To the interviewer, Sarah Anne Johnson’s question, “Do you agree?” Nelson responded, “I write about families because that’s what I know. I’m very glad other writers are writing about other things and places, adventures abroad, wars and plagues and science and zombies. But what I know intimately, what I can report on honestly, what I think about endlessly, is the relations among people who are attached to one another helplessly by faithfulness and need, as well as wrestling a contrary urge to be individuals. Family dramas are always positing the self vs. community, private vs. the public, and most importantly, the head vs. the heart.”

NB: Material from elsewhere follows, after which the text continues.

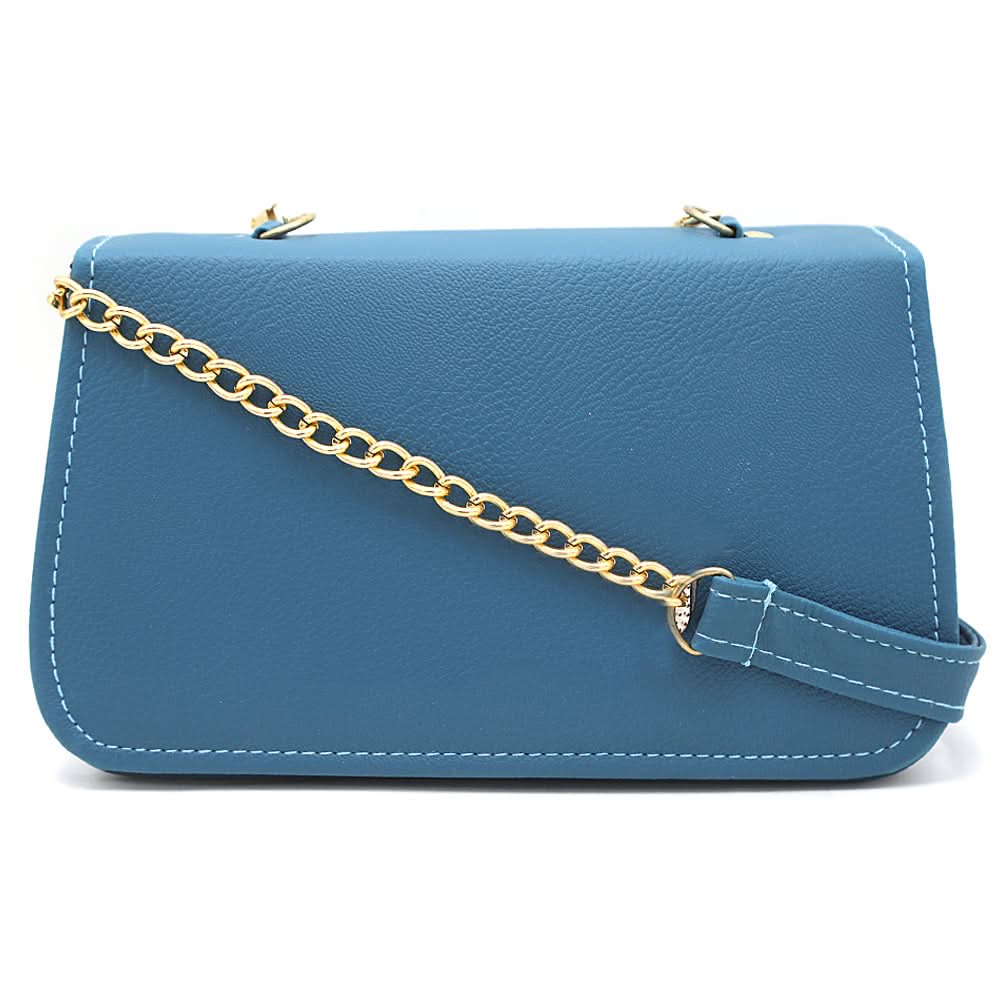 Women's Shoulder Bag - Piu Green, Women, Bags, Chase Value, Chase Value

–A Gift for the Short Form, by Sarah Anne Johnson, The Writer Magazine, September 2010

Reading this I knew immediately that Antonya Nelson was someone whose work I needed to start reading, not simply and so much from my perspective as a writer, but as a person who loves reading about families working it out, trying to work it out, sometimes, and oftentimes failing to work it out.

I am also a writer, who as a wife of 28 years and mother of 3, ages 11, 18, and 23, continually ponders and explores the nature of the marriage relationship, connections that spin and sprout from this union and how ripples in this union spread to those interactions of family members surrounding them.